平成26年8月21日号(相場展望~報復のブーメラン)

1998年のロシア危機の時、ロシアのマフィアは自国通貨のルーブルの価値がどんどんと下がるので絵画を大量に購入しました。著名絵画は10億円単位で取引されるが常ですが、こういったアングラマネーが入っている為です。ロシアがクリミア半島を併合した為に、欧米は金融制裁や資産凍結をしましたが、の結果オークション市場では落札価格の急低下になりました。ロンドン・ニューヨークのオークションの主要顧客の一つがロシアマネーだったのです。オークション落札価格低下はいずれ、不動産や株式の売却へとつながります。

ロシアからの資金流出額は1~6月だけで7.5兆円にも及びました。

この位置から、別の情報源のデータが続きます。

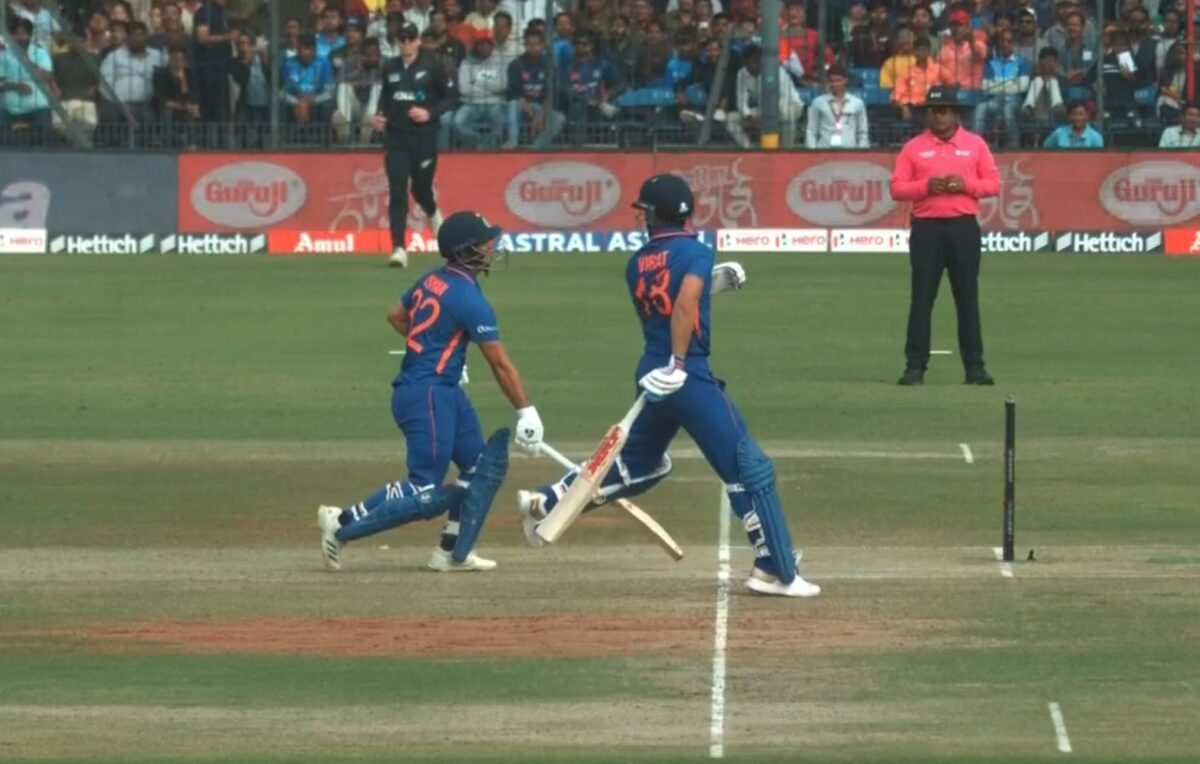 विराट कोहली ने ईशान किशन को किया रन आउट, फिर ईशान ने दिया ऐसा रिएक्शन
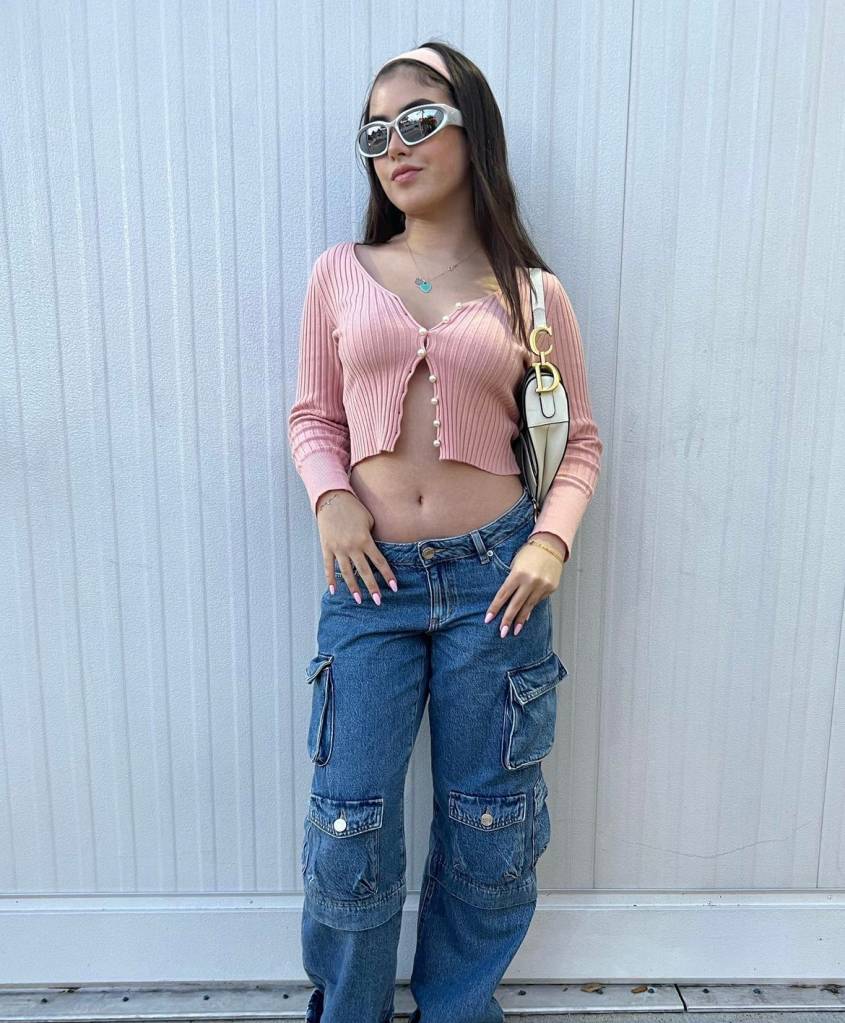inspirações-looks-peach-fuzz-9 Aposte no denim para um combinação clássica e perfeita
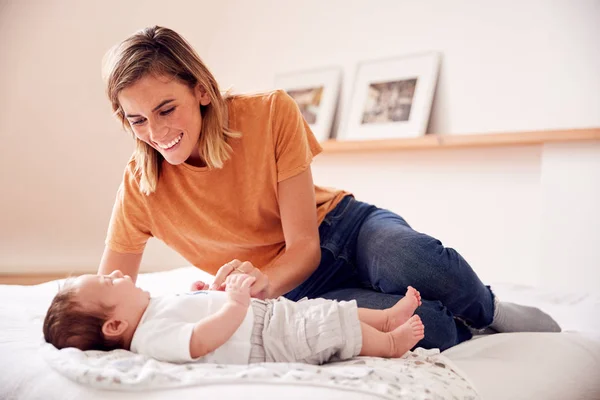 Kärleksfull Mamma Med Nyfödda Barn Som Ligger Sängen Hemma Loft — Stockfoto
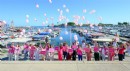Pembe balonlar meme kanseri farkındalığı için gökyüzünde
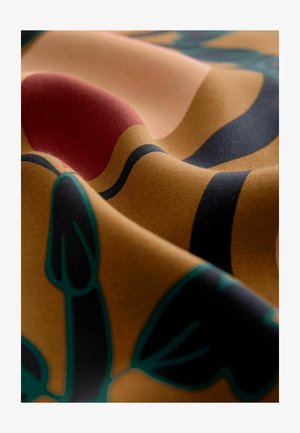 Tkanina s uzorkom koja ima glatku, poput satena meku teksturu. Boje uključuju zlatnu, tamnoplavu, crvenu i zelenu, s apstraktnim cvjetnim oblicima.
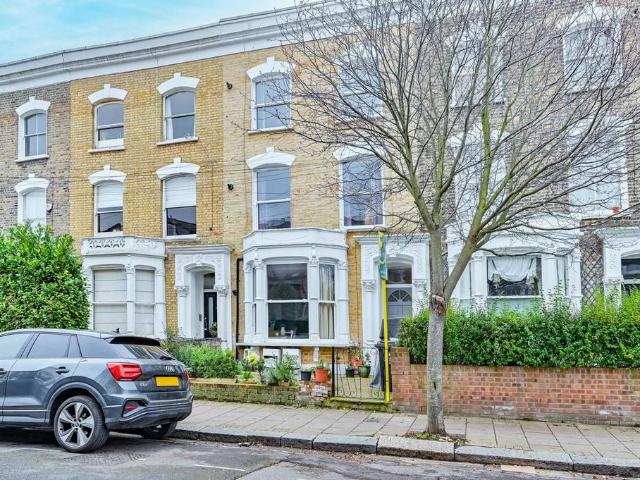House for sale in Stoke Newington, Greater London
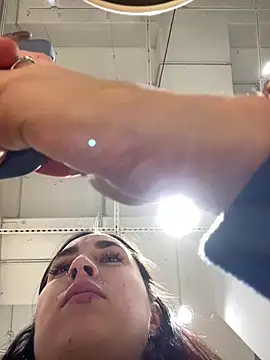 Snapshot of Holly_Play chatting on 01-28-25, 01:27 Holly Play online show from 01-28-25, 01:27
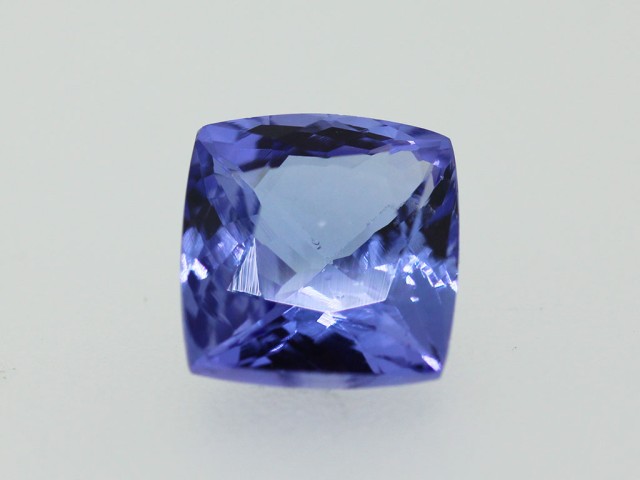 Tanzanite Coussin 8.6x8.5mm...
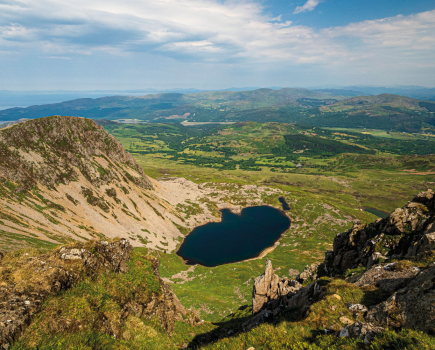 16 - Llyn Cau from Penygadair - P6130877
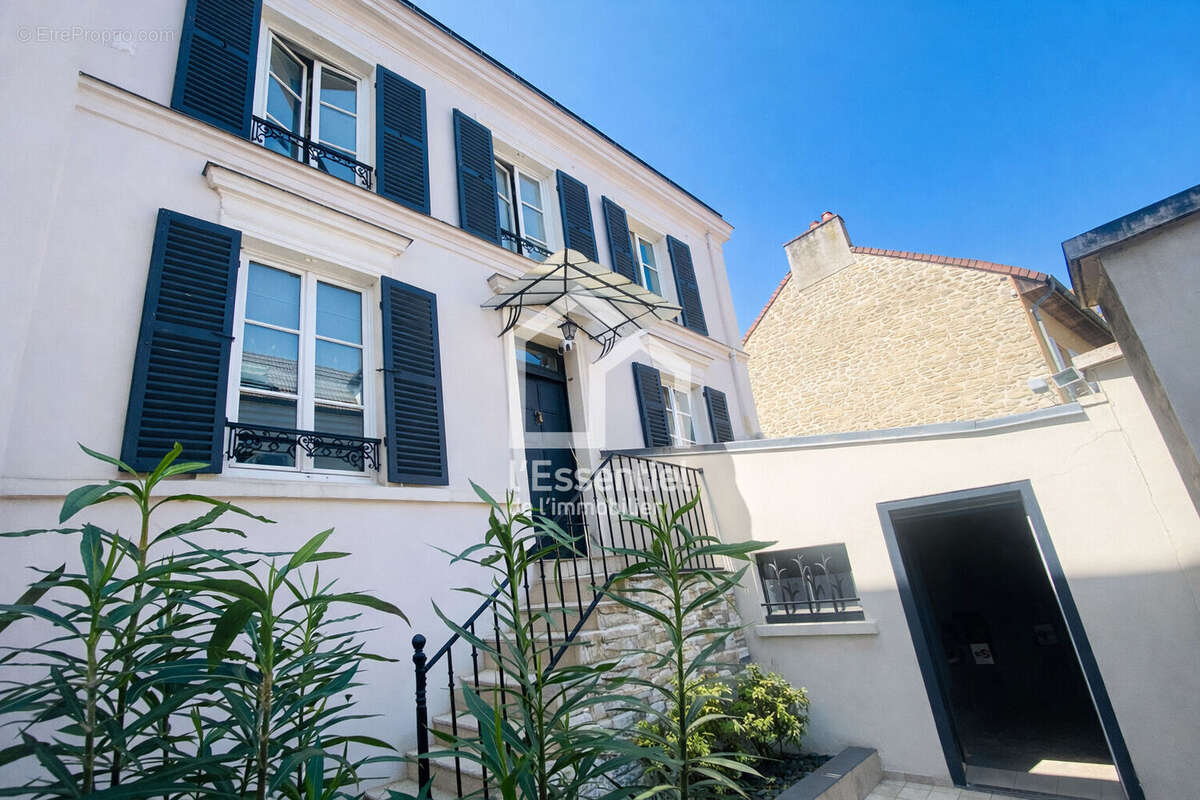Maison à VERNEUIL-SUR-SEINE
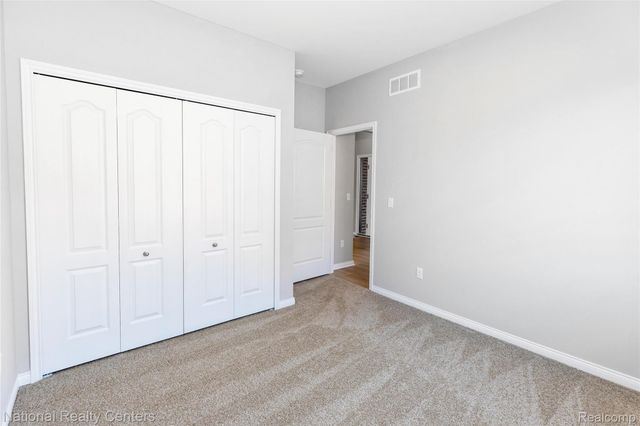 53207 Woodland Meadows, Chesterfield Township, MI 48047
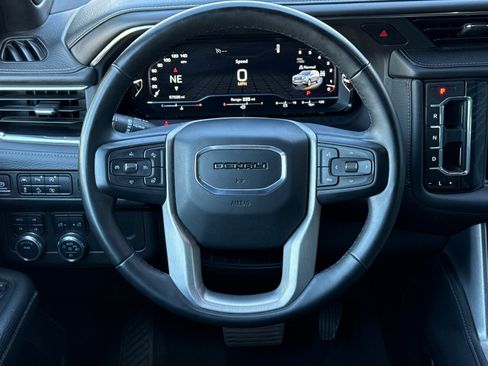 Used 2023 GMC Yukon Denali image 18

ロシアの株やルーブルの下落がさほどでないという事はロシアが欧米の株・債券・不動産をそれだけ売却しているという事です。既にロシアは米国債の相当な量を売却しています。7/16にオバマが発表したロシアへの追加制裁案の、ロシアの兵器・エネルギー産業がアメリカの金融融資を受ける事を禁じるというものは、米国内でも反対続出となりました。アメリカ商工会議所と全米製造業協会は主要新聞に反対広告を出しました。アメリカが制裁しても、ロシアが中国やドイツから融資を受ければ、商売の機会を失うだけです。制裁は一方通行に効く事はなく、必ずブーメランのように自分にも跳ね返ってくるものです。ユーコス事件を蒸し返し、マーレシア機墜落で一番犠牲者を出したオランダは、自国にあるハーグ国際裁判所から、ロシアからユーコスに5兆円を払うように命じました。

ロシアは欧米の経済制裁に対抗する処置として、欧米からの農産物を輸入しないとしました。とりわけ米国からは全量としました。不思議な事に、この制裁対象国に日本は含まれませんでした。これはプーチンの日本への秋波であり、秋に日本訪問を実現して、善隣友好外交を保ちたいというメッセージです。ジャパンハンドラーの代表格アーミテージはロシアがウクライナでさらなる行動を起こした場合は、プーチン訪日を受け入れるべきでないなどと牽制しましたが、この時期を逃したら北方領土問題の解決はされる事はありません。アメリカのポチ外交にならず、独自の全方位外交をすべきです。ロシアはシベリア上空でのイギリス・フランス・ドイツの飛行禁止も検討しています。日本はその対象国にいれるつもりは毛頭ありませんが、安倍首相がどれだけ賢い判断をするかです。